╭─ Data to examine

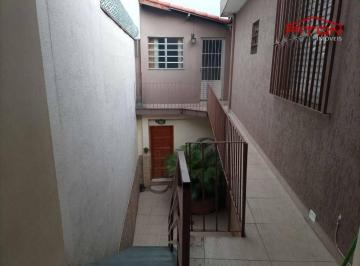 Casa · 128m² · 4 Quartos · 2 Vagas · Sobrado em Vila Londrina, São Paulo/SP de 128m² 4 quartos à venda por R$ 585.000,00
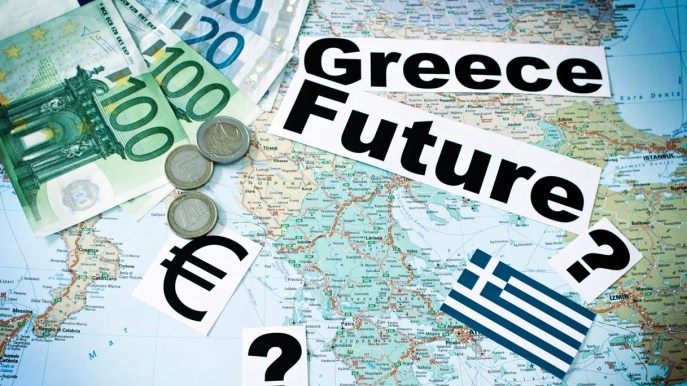 Grecia, debito non è più “junk”: promossa anche da Fitch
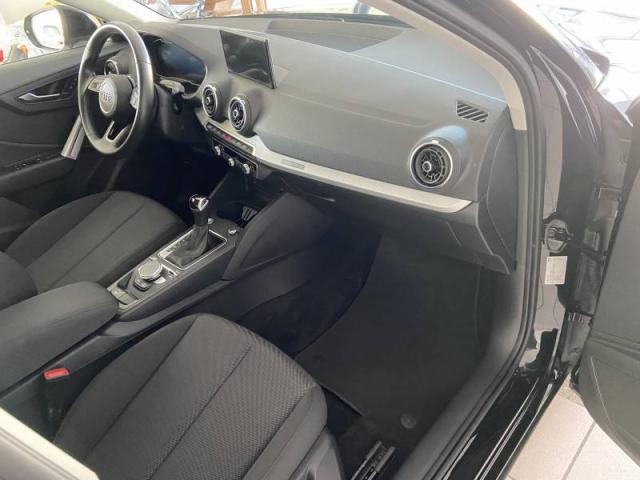 Audi Q2 image 6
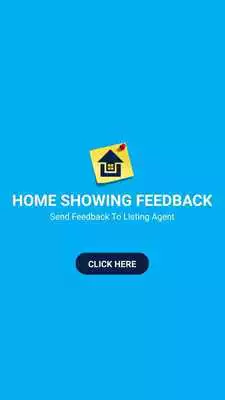 Play Home Showing Feedback Play Home Showing Feedback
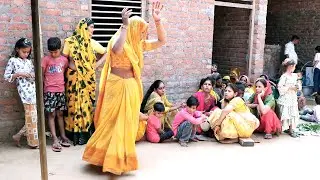 Nach kud gana | रंग बरसे कछु अमिरत बरसे और बरसे kasruri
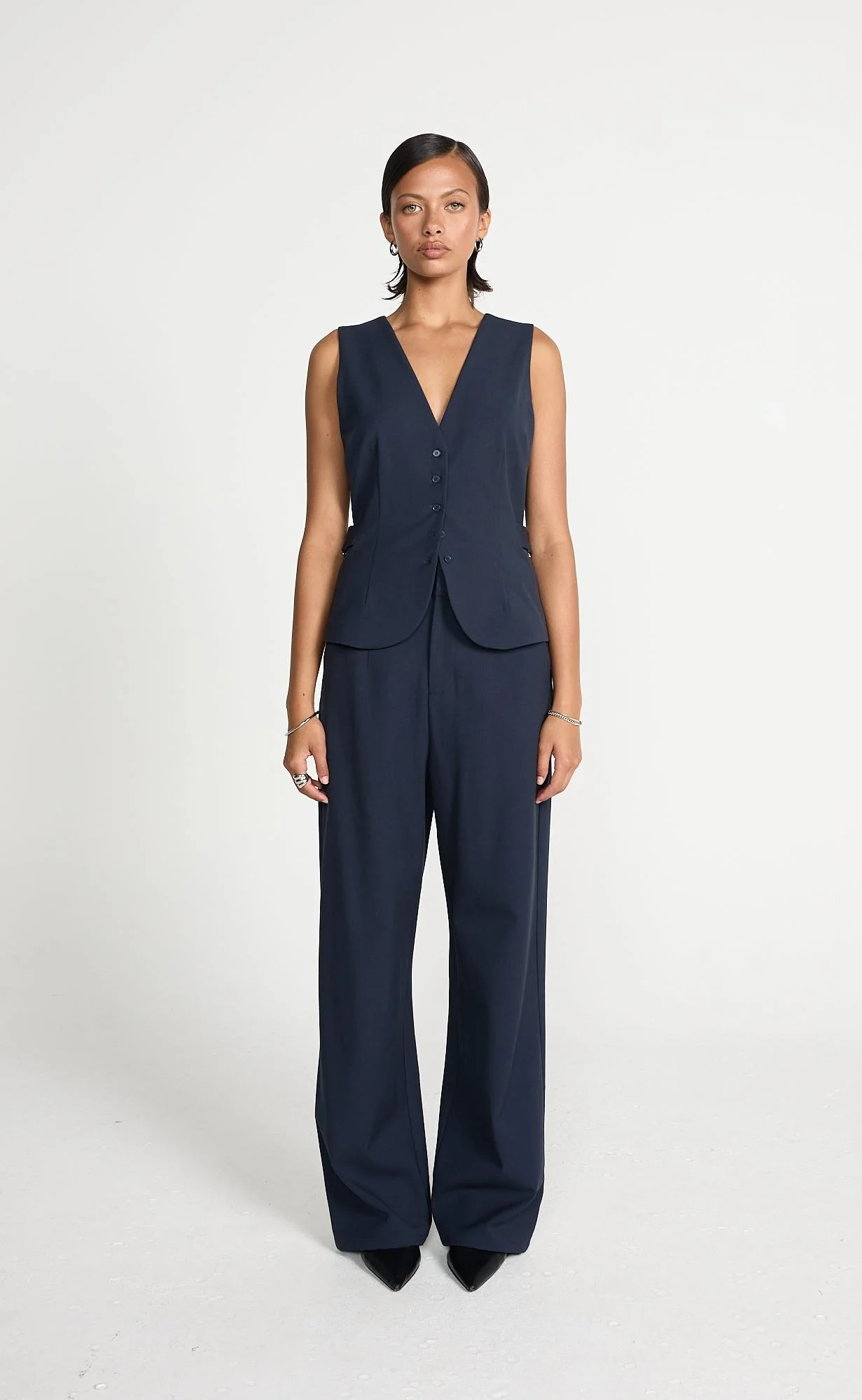 Yori Top (Midnight) - Image 6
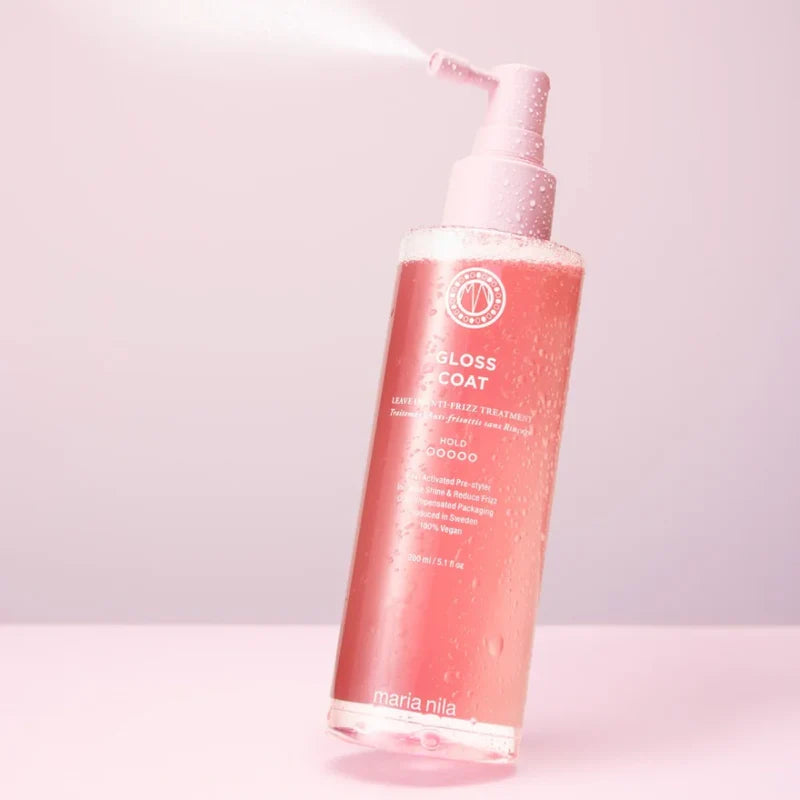 Gloss Coat - Protector Spray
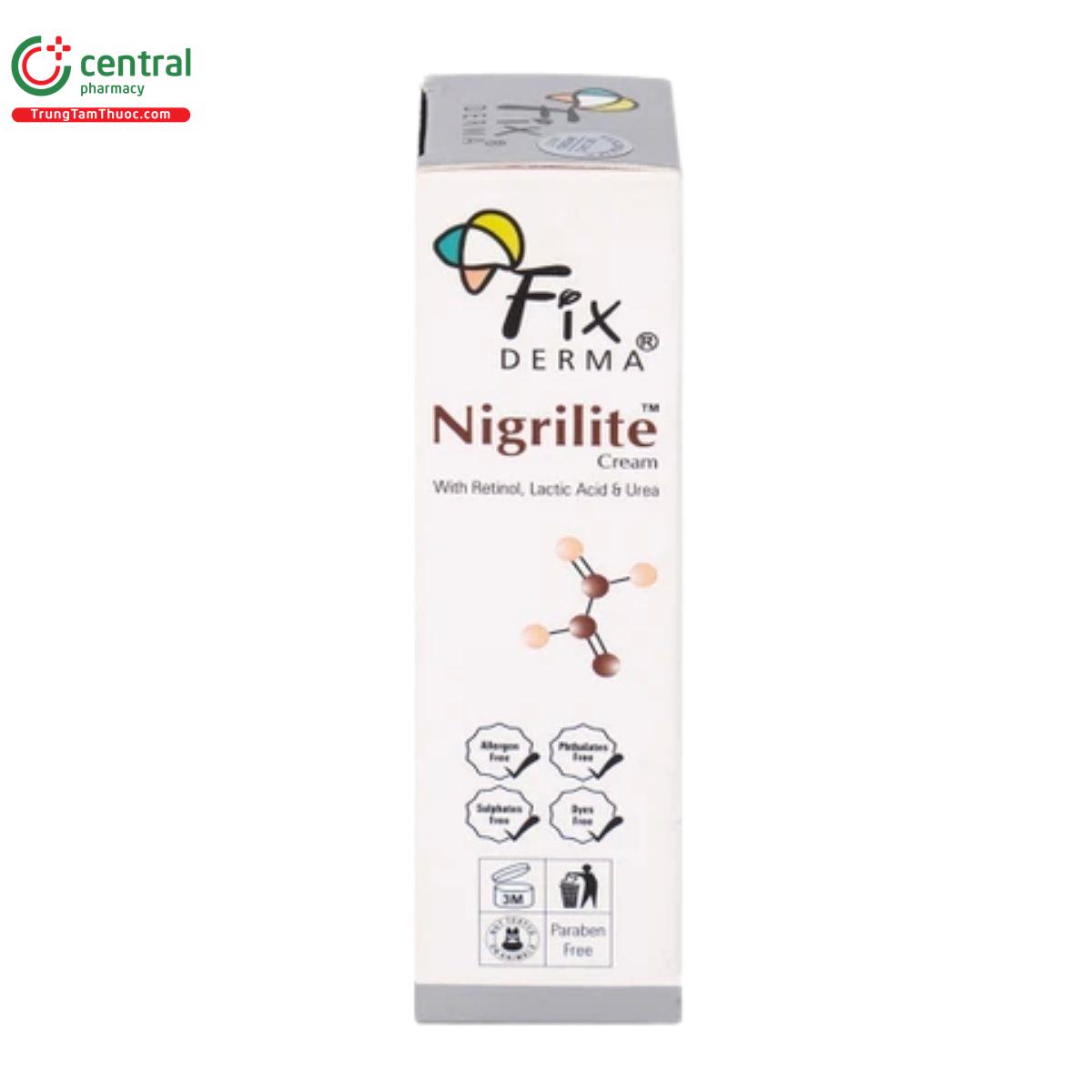 fixderma nigrilite cream 6 A0878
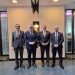 ICAO-nun Baş katibi Azərbaycan nümayəndə heyətini qəbul edib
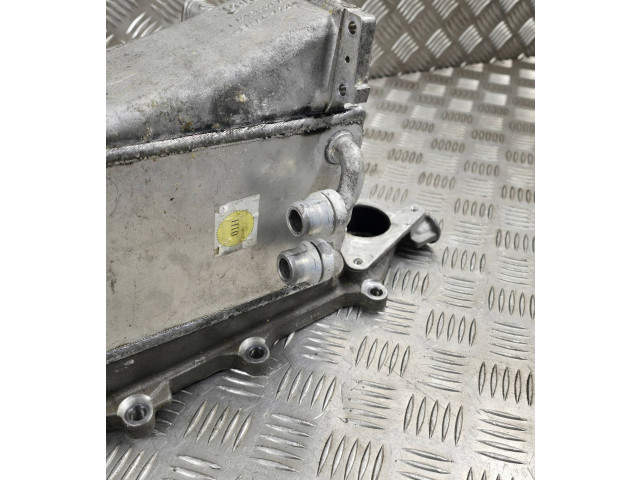 Всасывающий коллектор 04L129766C Audi Q5 SQ5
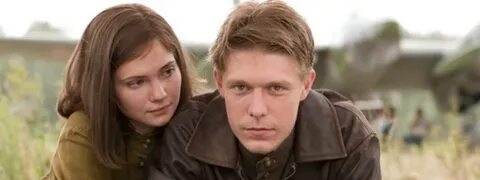 Баллада о бомбере в качестве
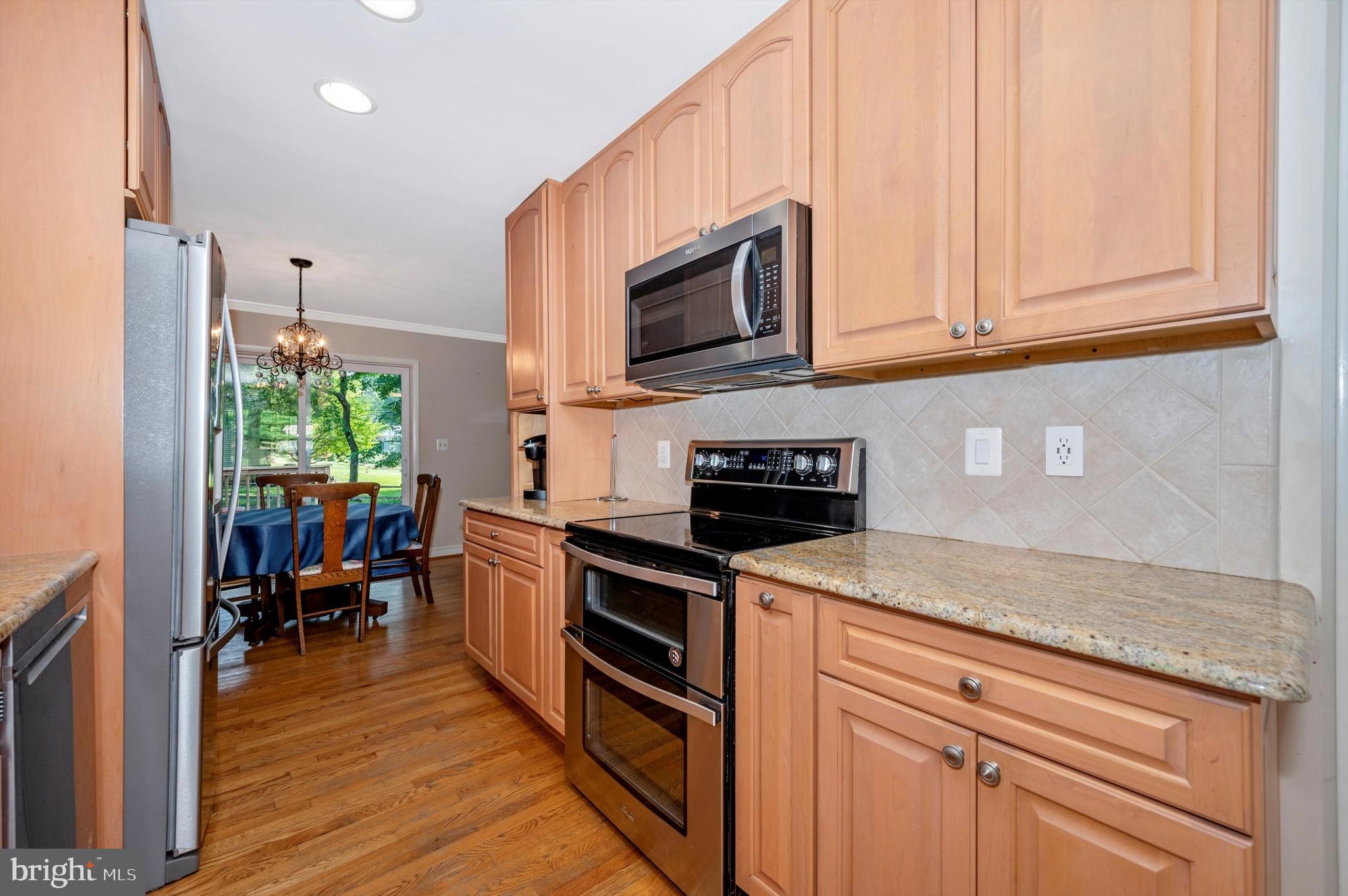 9908 Biscayne Lane Damascus, MD 20872 - Photo 23 of 55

╰─

**Exercise instructions:**
Copy out all the data above exactly as written. Skip the pictures.

**Response box:**
 Casa · 128m² · 4 Quartos · 2 Vagas · Sobrado em Vila Londrina, São Paulo/SP de 128m² 4 quartos à venda por R$ 585.000,00
 Grecia, debito non è più “junk”: promossa anche da Fitch
 Audi Q2 image 6
 Play Home Showing Feedback Play Home Showing Feedback
 Nach kud gana | रंग बरसे कछु अमिरत बरसे और बरसे kasruri
 Yori Top (Midnight) - Image 6
 Gloss Coat - Protector Spray
 fixderma nigrilite cream 6 A0878
 ICAO-nun Baş katibi Azərbaycan nümayəndə heyətini qəbul edib
 Всасывающий коллектор 04L129766C Audi Q5 SQ5
 Баллада о бомбере в качестве
 9908 Biscayne Lane Damascus, MD 20872 - Photo 23 of 55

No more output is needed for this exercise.